+++ MATERIAL FOR THIS TASK
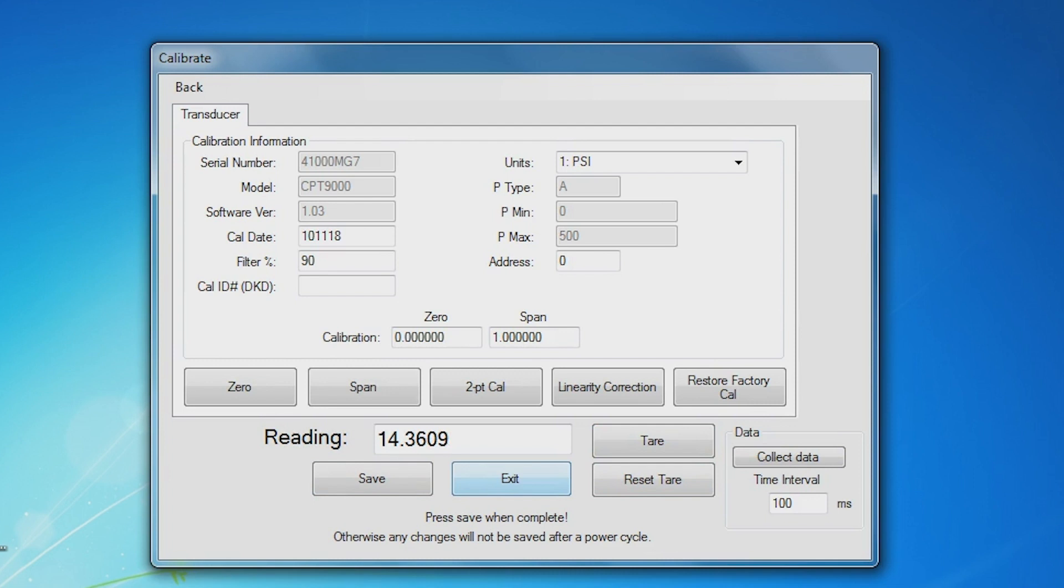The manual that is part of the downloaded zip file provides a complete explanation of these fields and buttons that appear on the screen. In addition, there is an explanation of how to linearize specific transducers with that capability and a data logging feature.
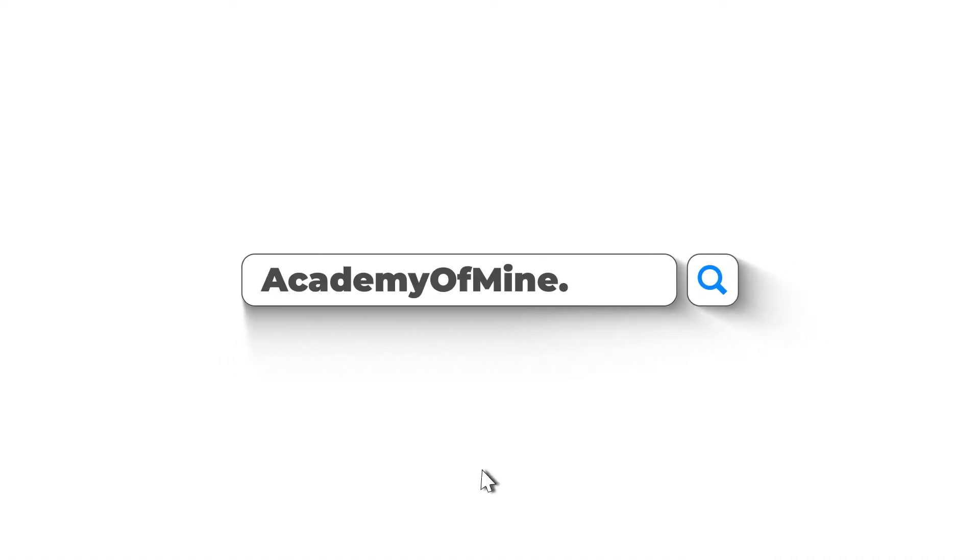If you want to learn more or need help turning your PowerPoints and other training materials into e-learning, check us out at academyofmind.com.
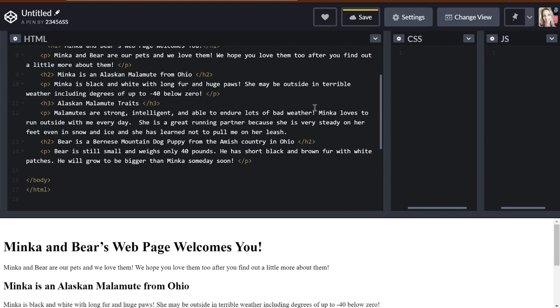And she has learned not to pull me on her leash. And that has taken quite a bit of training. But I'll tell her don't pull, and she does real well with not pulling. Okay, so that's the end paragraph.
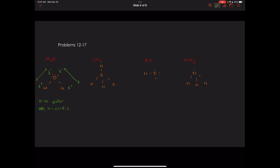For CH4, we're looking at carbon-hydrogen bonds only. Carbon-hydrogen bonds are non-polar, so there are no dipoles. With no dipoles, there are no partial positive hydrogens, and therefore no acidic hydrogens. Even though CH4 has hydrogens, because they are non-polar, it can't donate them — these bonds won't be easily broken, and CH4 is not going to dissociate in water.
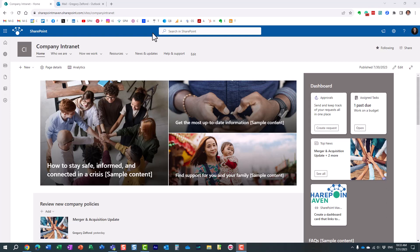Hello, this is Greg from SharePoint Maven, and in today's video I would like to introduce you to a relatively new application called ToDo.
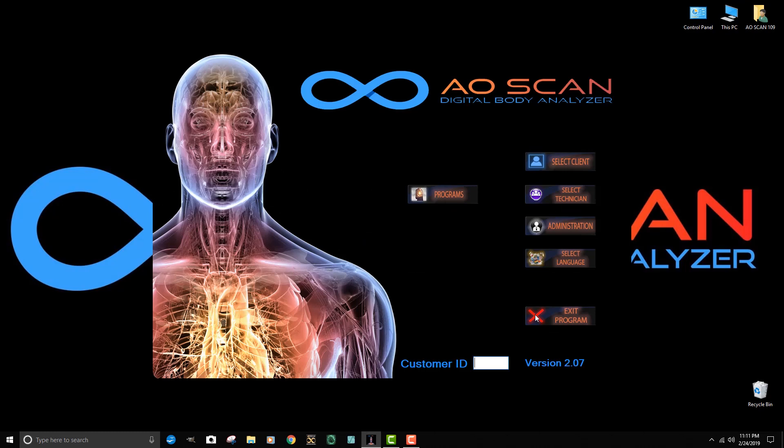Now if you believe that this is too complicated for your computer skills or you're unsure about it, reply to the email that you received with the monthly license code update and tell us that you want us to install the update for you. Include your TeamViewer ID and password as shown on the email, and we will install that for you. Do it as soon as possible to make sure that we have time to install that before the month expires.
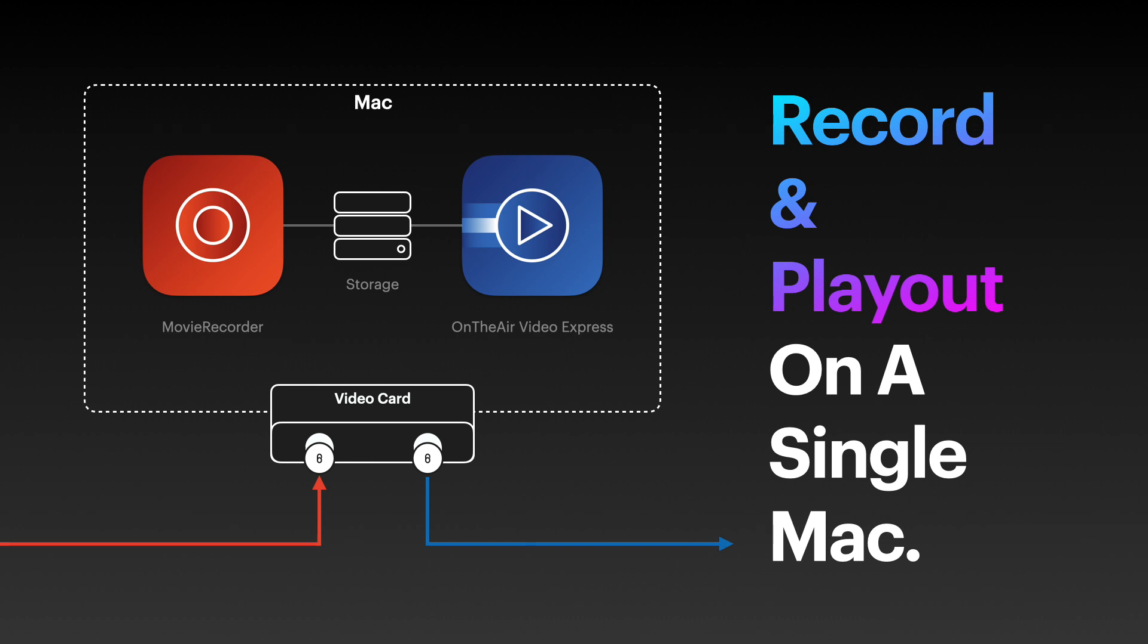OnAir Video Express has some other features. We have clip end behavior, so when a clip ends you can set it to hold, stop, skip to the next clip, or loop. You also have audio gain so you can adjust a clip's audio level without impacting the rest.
++++++
> WHAT YOU SHOULD DO: Please set down, exactly and with no pictures, the lines in the entries above starting at the one holding "If you want" and ending at the one holding "Hello, this is", ends included.

> ANSWER TO THE PROBLEM:
If you want to learn more or need help turning your PowerPoints and other training materials into e-learning, check us out at academyofmind.com.
And she has learned not to pull me on her leash. And that has taken quite a bit of training. But I'll tell her don't pull, and she does real well with not pulling. Okay, so that's the end paragraph.
For CH4, we're looking at carbon-hydrogen bonds only. Carbon-hydrogen bonds are non-polar, so there are no dipoles. With no dipoles, there are no partial positive hydrogens, and therefore no acidic hydrogens. Even though CH4 has hydrogens, because they are non-polar, it can't donate them — these bonds won't be easily broken, and CH4 is not going to dissociate in water.
Hello, this is Greg from SharePoint Maven, and in today's video I would like to introduce you to a relatively new application called ToDo.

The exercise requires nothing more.